Hidden in the midst of Everts title reigns you can’t forget three-time World champion Greg Albertyn, who beat Dave Strijbos in his first title in 1992, then beat Everts in 1993 and Everts again in 1994. Yes, the South African could have been the greatest, but moved to America and won himself an AMA 250 championship. In those three years of control, Albertyn only won 12 GPs, rather amazing considering he won three titles. In fact, he is the lowest in GP wins for somebody with three championships.

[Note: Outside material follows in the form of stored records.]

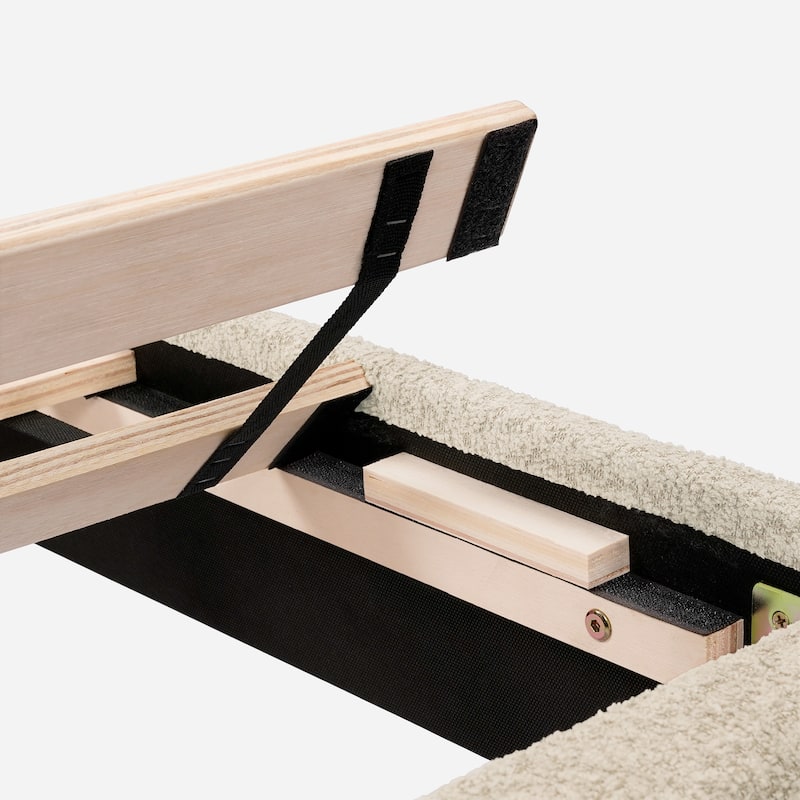 Queen Upholstered Platform Bed with Tufted Headboard, Mid-Century Modern Design, Boucle Fabric, No Box Spring Needed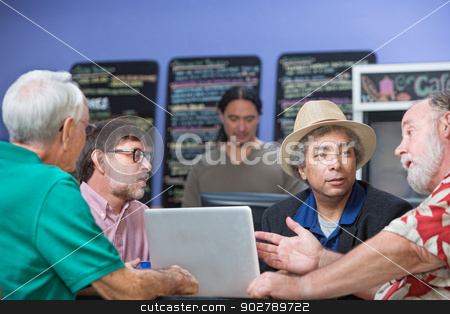 To use this stock image in your creative project, please select the size you need over to the right and click the "Add to Cart" button.
Your downloaded image will come with the Cutcaster watermark removed so don’t worry about the watermark you see on this page. Man Talking with Friends in Cafe stock photo, Man gesturing while talking with friends in cafe by Scott Griessel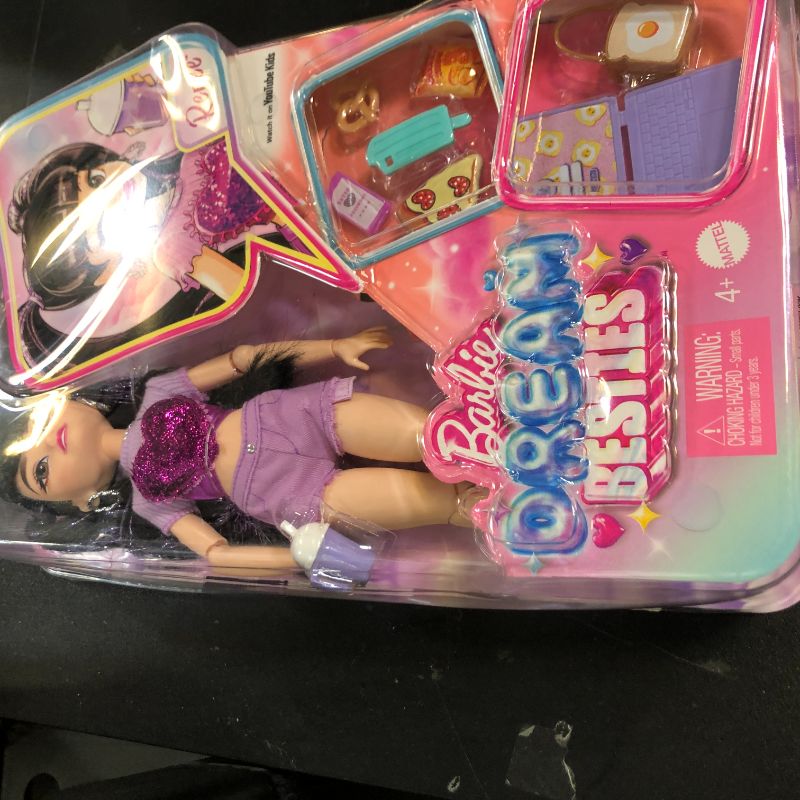 Photo 1 of Barbie Dream Besties Doll & Accessories Playset, Renee with Long Black Hair, 11 Food & Video-Themed Pieces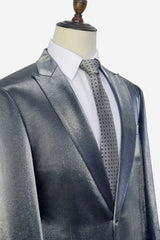 Shiny Silver Prom Suits Glittering Peak Lapel Suits for Men-Dbrbridal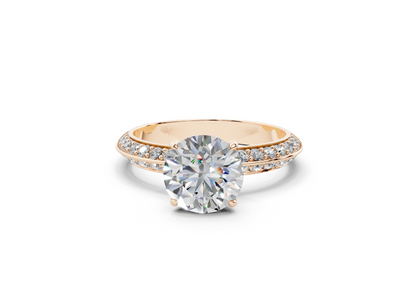 18K Gold Half Pavé Six Prong Knife Edge Diamond Engagement Ring 1.5 Carat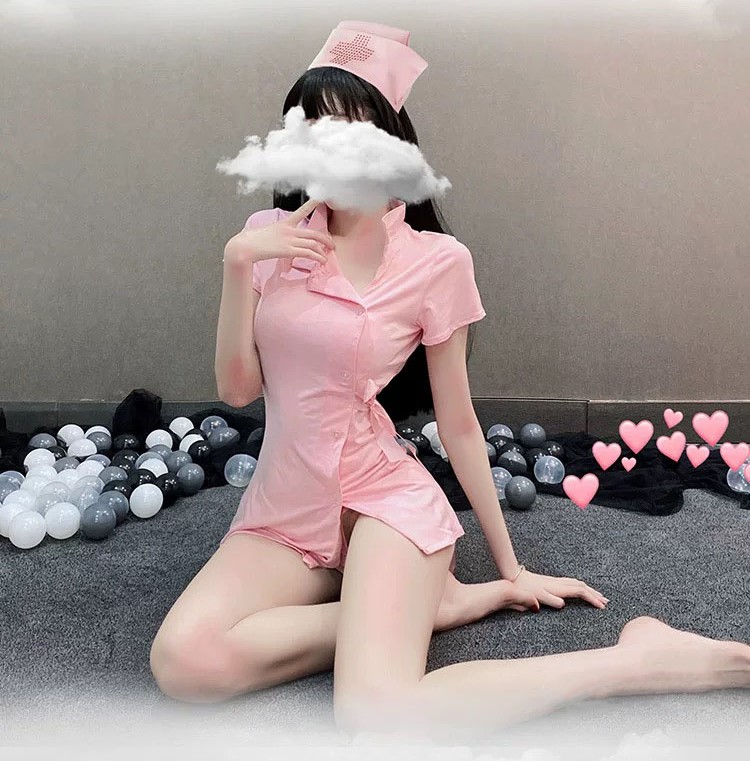 Đồ hóa trang Cosplay y tá hồng cộc tay có mũ đồ ngủ bar sàn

How about Alessio Chiodi, who won three World 125cc championships and beat Alex Puzar, David Vuillemin and Claudio Federici. Chiodi also won 26 Grand Prix's in his career.
While Everts was rushing through championships, his fellow Belgian Joel Smets was also making a name for himself, winning five championships, and while Smets didn’t always race the premier class, he did deserve every bit of success as he showed in his MXdN performances. Smets won his first in 1995 beating Trampas Parker, then beat Darryl King in 1997, King again in 1998, Bervoets in 2000 and finally Javier Vico Garcia in 2003. Marniqu Bervoets like Kurt Nicoll a decade before should have been crowned World champion in a career that deserved so much more. Smets won a stunning 57 GPs in his career.
As the Belgian veterans were battle for their legendary status, some little Italian kid was starting his. Antonio Cairoli won his first of nine in 2005 beating Andrew McFarlane, then beat Tommy Searle in 2007, Max Nagl in 2009, Clement Desalle in 2010, Steven Frossard in 2011, Desalle again in 2012 and 2013 and finally Jeffrey Herlings in 2017. Now, not the same list of second placed men as some of the other legends, but lets place Clement Desalle in the same basket as Kurt Nicoll and Marniqu Bervoets as a guy who should have won a World championship, and while that 2017 victory over Herlings is deserved, it was the season Herlings was injured, but then again, if we go into who was injured in seasons, every single legend would have question marks against his name. Cairoli has without question been the king of the last 15 years. Cairoli has won 89 GP wins in his career.
And suddenly we are into the present, and we come to a four-time World champion in Jeffrey Herlings. His first title came in 2012 when he beat Tommy Searle, then in 2013 he beat Jordi Tixier, he beat Jeremy Seewer in 2016 and his crowning glory until now was to beat Cairoli in 2018. Of course, the career of Herlings is a long way from being over and a victory over multiple champions Tim Gajser and Cairoli in 2020 would really skyrocket his legendary status. Herlings has 88 GP wins to his name so far and no doubt he will crack the 101 before his career is done.
Finally, the MXGP champion of present and a three-time World champion, Tim Gajser beat Pauls Jonass in 2015, Antonio Cairoli in 2016 and Seewer in 2019. His GP tally is 24 and climbing. Like Herlings, a victory in 2020 over Herlings and Cairoli will raise his legend to another level and a fourth World title.